We know that it can be intimidating to get started, so we have created a walkthrough that will hopefully help you wade into the waters of making your idea come to life. Over the course of the Challenge, the team from South Bend Code School will be in place as mentors to help you when things seem a little ambiguous or unknown. Take a look through the following walkthrough to understand some basic concepts that will help you get your idea going.
So you have an idea. An INNOVATIVE idea. In order to have a better understanding of what you are trying to build toward, you need a mission statement. The mission statement is one sentence about your business that tells people what the core mission of your business is and helps you to remind yourself of the goal of your business.
For example, if I had an idea for a dog walking business, my mission statement might be: "We help busy pet owners by taking their dogs for walks." This sets an expectation for what my business does. Note that it isn't an elevator pitch. It is only one sentence long. When starting up a new idea, you have to keep things simple and to the point. Don't try to hash out all of the details, just know the mission.
This brings up the next thing we need to be aware of, MVP. MVP stands for Minimum Viable Product. Minimum Viable Product is the lowest functioning version of your product that you need in order to be successfully taking customers, turning profit, or lifting your business off the ground. When starting something new, it is easy to go idea crazy and create a bunch of extra features for your product that won't actually help you take steps forward toward bringing this idea to life. MVP helps to steer you clear of some of those added features that might not be important right now.

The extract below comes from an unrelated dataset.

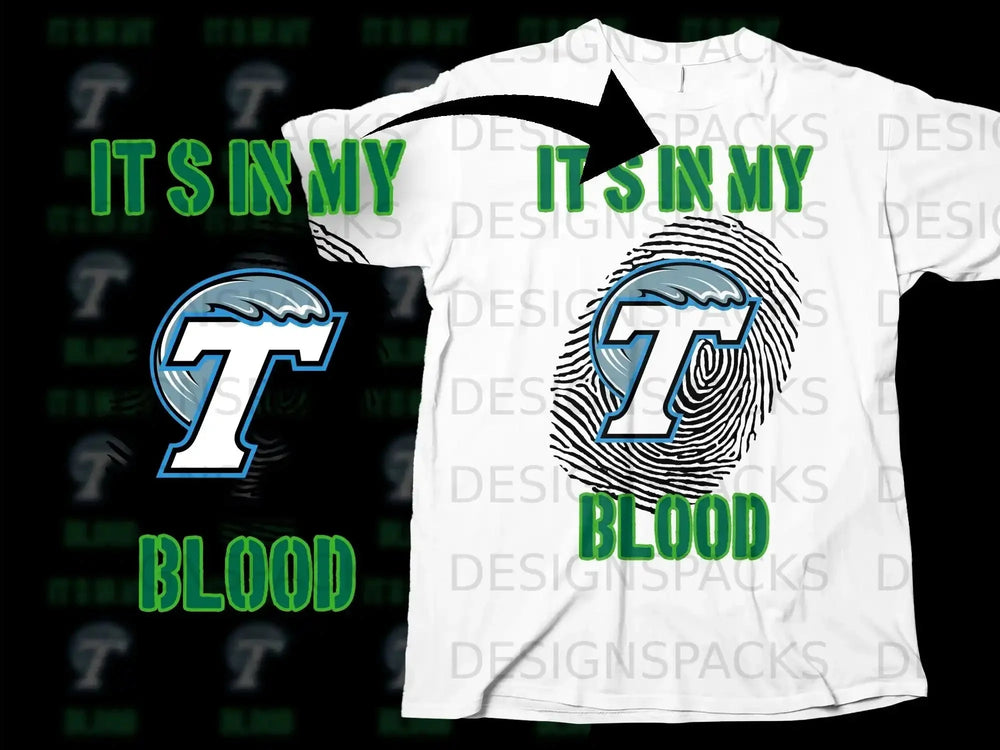 It's In My Blood T-Shirt with Fingerprint Design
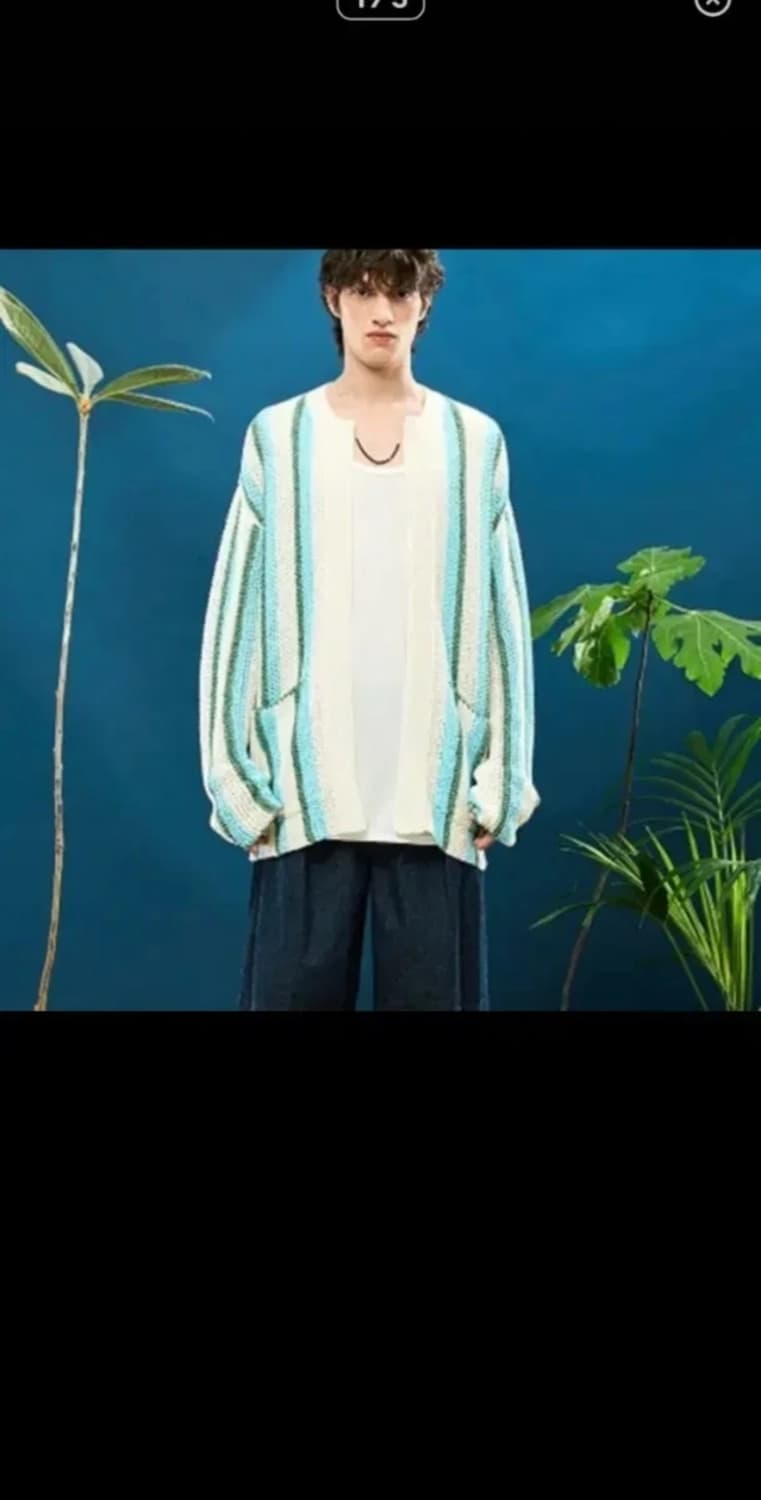 타임옴므 스트라이프 크로쉐 가디건 상품이미지1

Having a mission statement helps us to stick to a minimum viable product. You know that you aren't going to take cats for walks because your mission is only to take dogs for walks, not cats. You know that you are not going to dog sit over weekends because your mission is to take dogs for walks, not watch them over the weekend. You know you aren't going to pick up food for people's pets because your mission is to take dogs for walks, not keep their food stock full.
Now we know what the true mission of our business or idea is...
Now that we have a mission statement and a clear idea of what our goal is we need to check and make sure that there is actually a need for our idea. It is easy to get scared by this part of the process. A lot of folks don't want to go share their idea with anyone because they think that people will shoot it down and say that it isn't a good idea at all. It is completely reasonable to be scared by this. You are putting yourself out there by sharing your idea with others. Rejection is hard! Don't have high school prom flashbacks just yet.
This situation is very different:
Prom: Guy asks girl to prom - she says no - guy goes home sad and dejected and eats three tubs of double chocolate fudge ice cream because he feels like his life is over.
Customer Validation: Girl goes and asks someone if they think they would use her business or innovation - potential customer says no - girl asks more questions about why that customer wouldn't use the idea - customer provides more feedback - girl does one of two things: 1) Goes home and tweaks the idea so that the potential customer does find it valuable. 2) Realizes the person she is talking to is not actually her ideal customer and finds a different customer demographic to ask about her idea. - After adjusting, girl goes on to launch a very successful business and lives happily ever after.
You need to be okay with putting your idea out there, have an understanding that not everyone is going to respond positively to your idea. THAT IS OKAY. Keep moving forward, keep collecting feedback, keep adjusting. In the end, you'll find something that you think people will use or buy.
Using the dog walking example from earlier:
There is no right number of people to ask about your product. It is helpful if you have more than 10, but you don't necessarily need 50 or 100. You want to check in and make sure there is potential, but at some point you need to stop pounding pavement and actually need to bring your idea to life.
Understanding the process of your business or the process of how your idea is used or consumed by users is critical to bringing it to life. It helps to make a drawing or write out the process by which your "thing" is consumed.
Continuing on with the dog service we spoke of earlier:
If I can map all of this out, it is extremely helpful to anyone I hire to do any work for my company. It is also extremely helpful to help me to understand how my business is going to operate and what unique challenges might present themselves. I might conclude that a unique challenge from the process above is going to be scheduling. The number of dogs I can walk is going to be critical to my business. How can I plan accordingly?
Understanding the process helps you to know more about your business.
If your idea is one that consists of an application, website, or some sort of digital interface, it is best to wireframe out what the interface will look like. Wireframing is a process where you actually draw an outline of how each screen of your application looks. It is immensely helpful to do this not only for you, but for any developers who might be working on your application. Think of it like making blueprints for a construction project
There are many online tools to help you wireframe out your application, but this can be done very simply with paper and pencil.